Les pêcheurs locaux, longtemps les victimes collatérales de la pêche industrielle, ont vu un véritable renforcement de leurs droits. La régulation du secteur a permis une meilleure répartition des ressources, garantissant ainsi une pêche plus durable. Les mesures d’interdiction et de restriction de certaines zones de pêche ont permis de redonner à ces communautés l’accès à des stocks marins plus riches, contribuant ainsi à une relance de leur activité.

De plus, la sensibilisation et l’appropriation des réformes par les pêcheurs ont créé une dynamique de protection des écosystèmes marins, renforçant ainsi la résilience des communautés face aux défis écologiques et économiques.

Une gestion plus équitable des ressources halieutiques

Un autre aspect important de la gestion Diomaye a été la révision des modalités d’octroi de licences de pêche.

Auparavant, une grande partie de ces licences étaient attribuées de manière opaque, avec des préférences accordées à des entreprises étrangères au détriment des acteurs locaux. Le nouveau système repose désormais sur un processus plus transparent et plus équitable, offrant une meilleure représentativité aux pêcheurs traditionnels.

Les réformes incluent également la création de zones de pêche protégées où les bateaux étrangers n’ont plus accès, garantissant ainsi une meilleure gestion des stocks halieutiques. Ces zones sont administrées par les pêcheurs locaux en collaboration avec les autorités, créant ainsi un cadre de gouvernance participative. Cette gestion partagée a permis de renforcer la solidarité entre les acteurs de la pêche, qu’ils soient industriels ou artisanaux.

La modernisation du secteur de la pêche : Un pari risqué mais nécessaire

En parallèle, les réformes de la gestion Diomaye ont cherché à moderniser le secteur de la pêche. Des initiatives de formation ont été mises en place pour sensibiliser les pêcheurs traditionnels aux bonnes pratiques de pêche durable et à l’utilisation des nouvelles technologies de gestion des stocks halieutiques. Ces formations, visant à améliorer l’efficacité et la sécurité des pêcheurs, se sont également accompagnées d’un soutien en matériel et en infrastructures.

Cependant, cette modernisation du secteur n’a pas été sans défis. De nombreux pêcheurs ont rencontré des difficultés d’adaptation à ces nouvelles méthodes, notamment en ce qui concerne l’accès aux technologies et à la formation.

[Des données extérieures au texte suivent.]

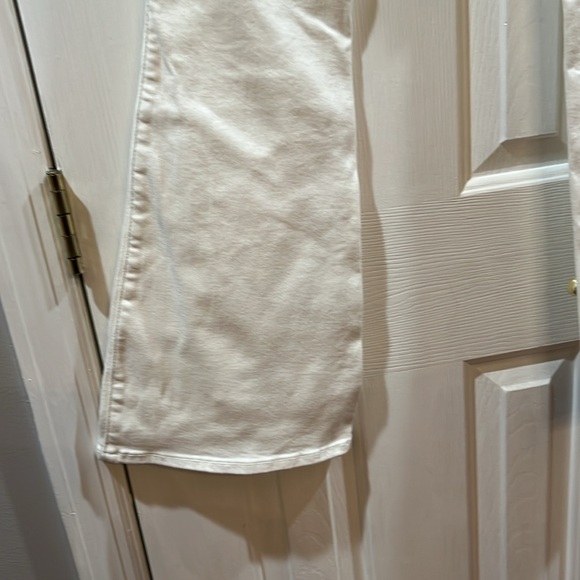 Pants - Picture 7 of 8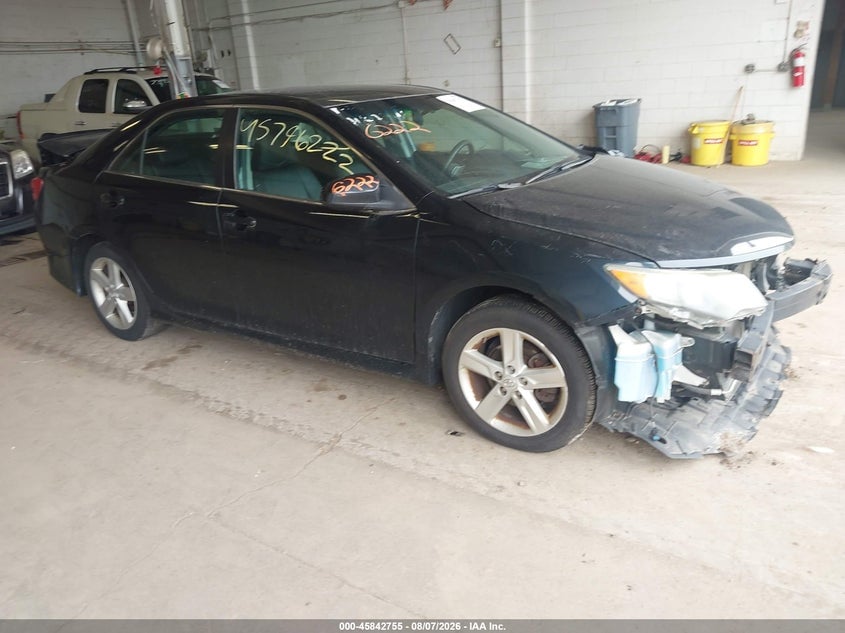 2014 TOYOTA CAMRY SE | 4T1BF1FK4EU856452 | UPCARS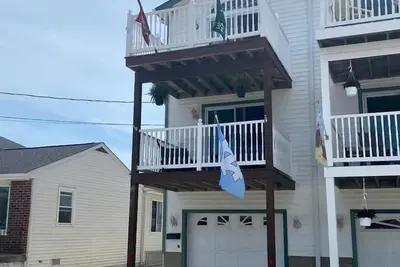Image de 242 40th Street East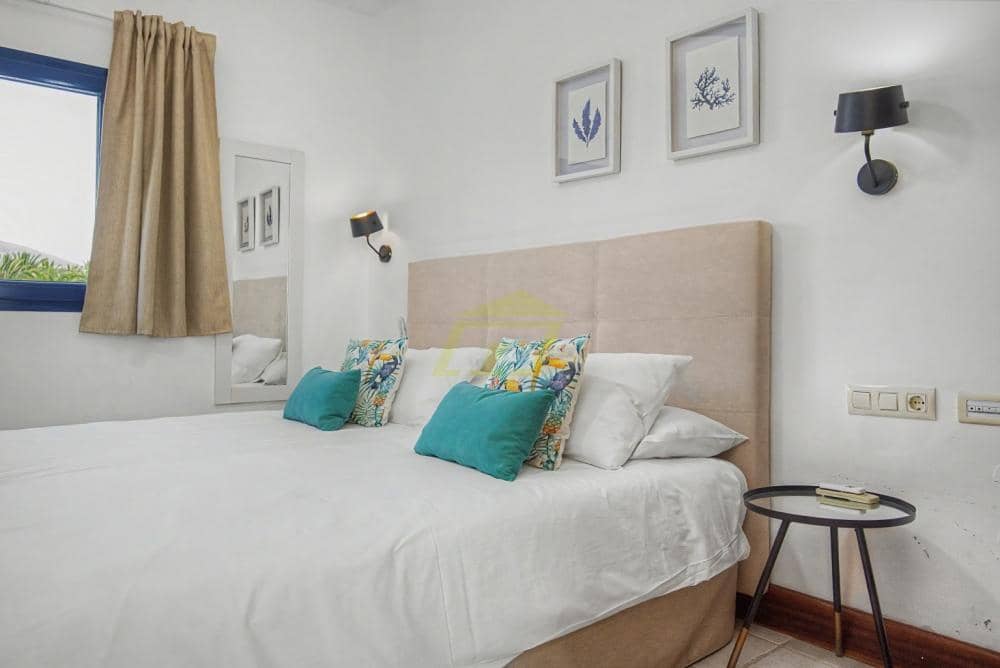 3 bedroom Villa for sale in Puerto Calero with pool - € 695,000 (Ref: 9928668)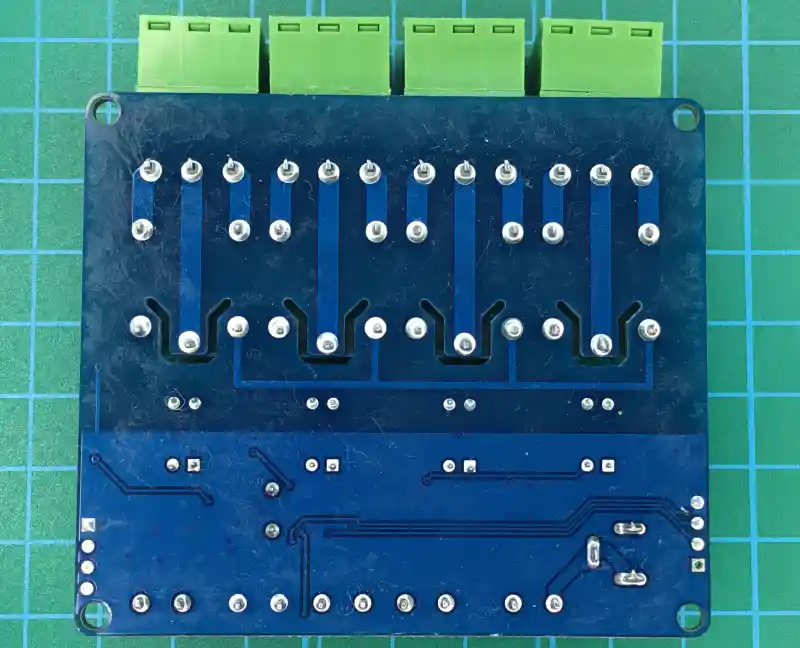 Modbus 485 Relayの使い方、外観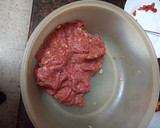 Foto del paso 4 de la receta: Bocadillo de albóndigas con chistorra y queso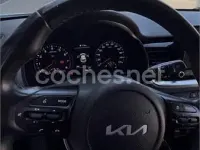 Usado Kia Stonic Plus 84 CV (61 kW) 2022 Blanco SUV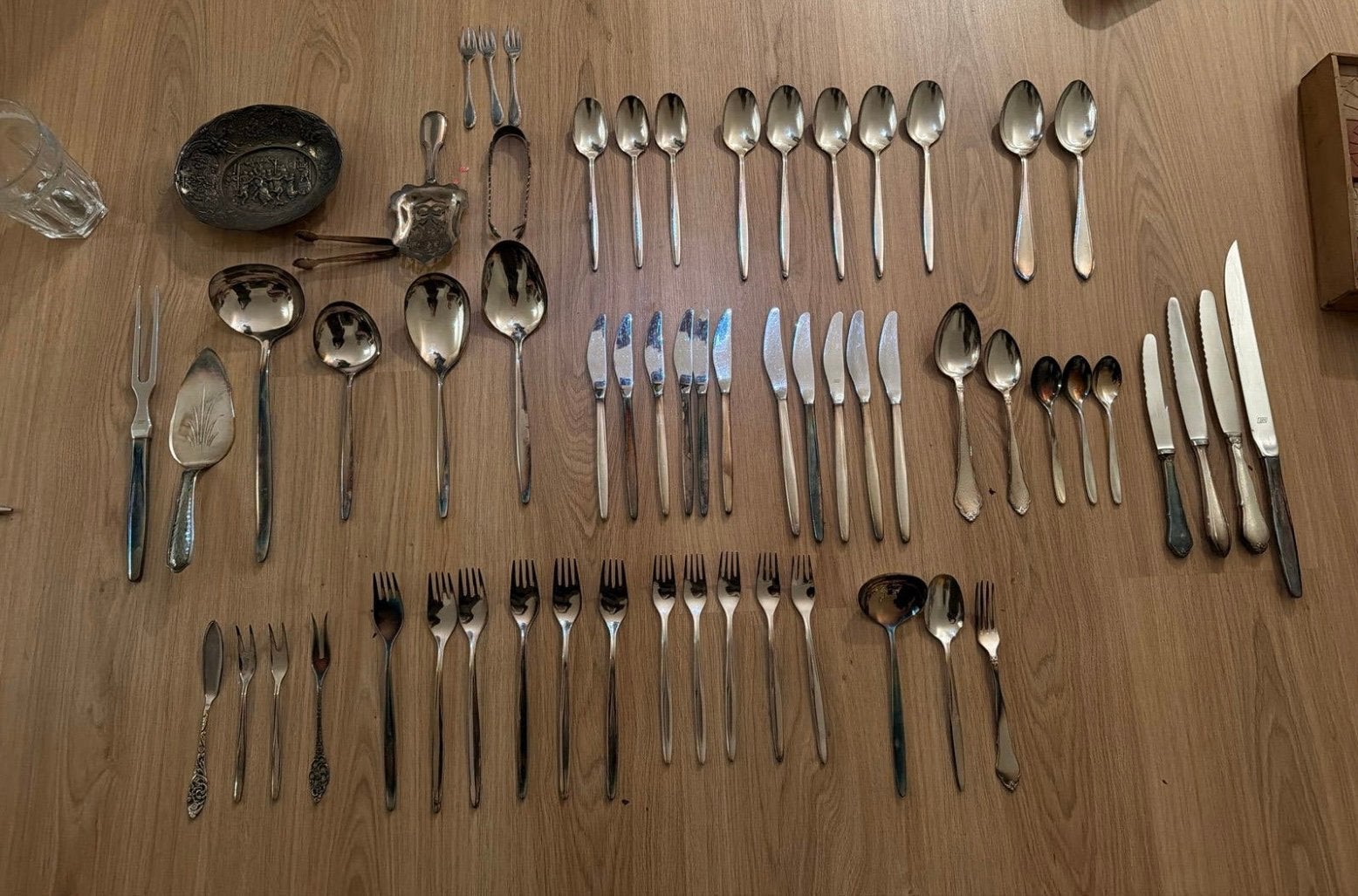 Uitgebreide collectie bestek, Ophalen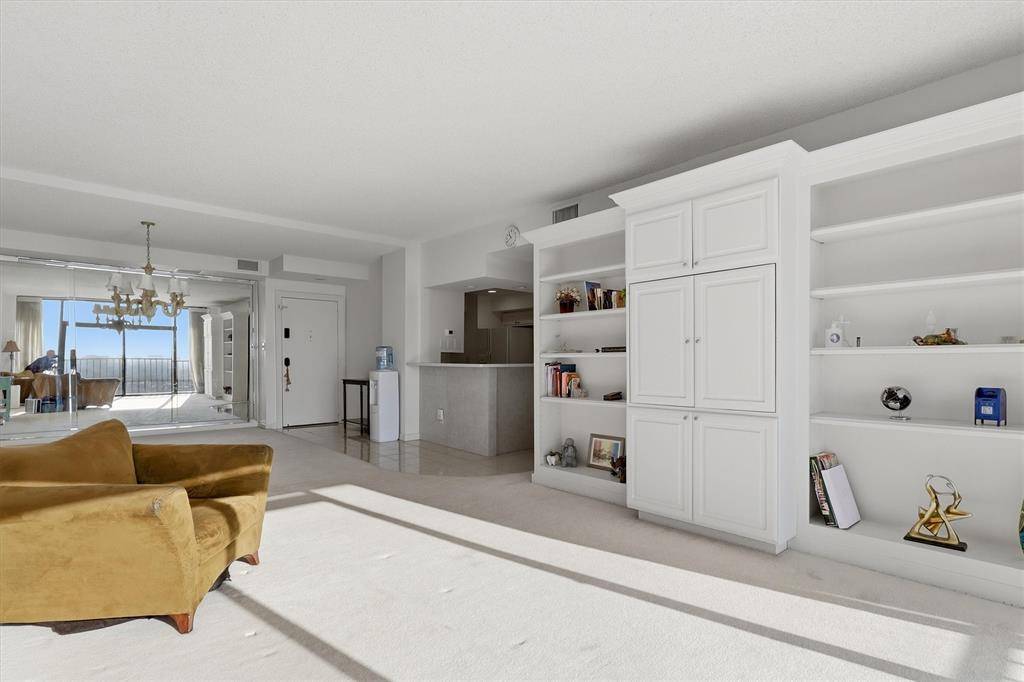 5200 Keller Springs Road #1315, Dallas, TX 75248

La question de la transparence des subventions et des aides financières allouées reste également un sujet de débat, certains pêcheurs estimant que l’accès aux ressources était encore inégal.

Les perspectives d’avenir : Vers une pêche plus durable et inclusive

Le bilan après huit mois de gestion Diomaye présente des résultats encourageants, mais il reste encore beaucoup à faire pour garantir une pêche totalement durable et équitable.

Les réformes ont permis une meilleure régulation de l’activité de pêche industrielle, mais l’impact concret sur les pêcheurs traditionnels doit encore être renforcé. Le défi sera de rendre cette gestion plus inclusive et de continuer à impliquer les acteurs locaux dans toutes les étapes de la prise de décision.

Les autorités doivent également continuer à soutenir la modernisation des infrastructures, en particulier dans les zones les plus reculées, pour permettre aux pêcheurs locaux de bénéficier de meilleures conditions de travail et de plus grandes opportunités économiques.

La gestion Diomaye représente une étape importante vers la réconciliation des intérêts entre la pêche traditionnelle et industrielle au Sénégal.

Si les défis restent nombreux, la transparence accrue et la régulation plus stricte des activités de pêche offrent de nouvelles perspectives pour un secteur plus durable et plus juste, où les pêcheurs locaux peuvent espérer un avenir plus serein.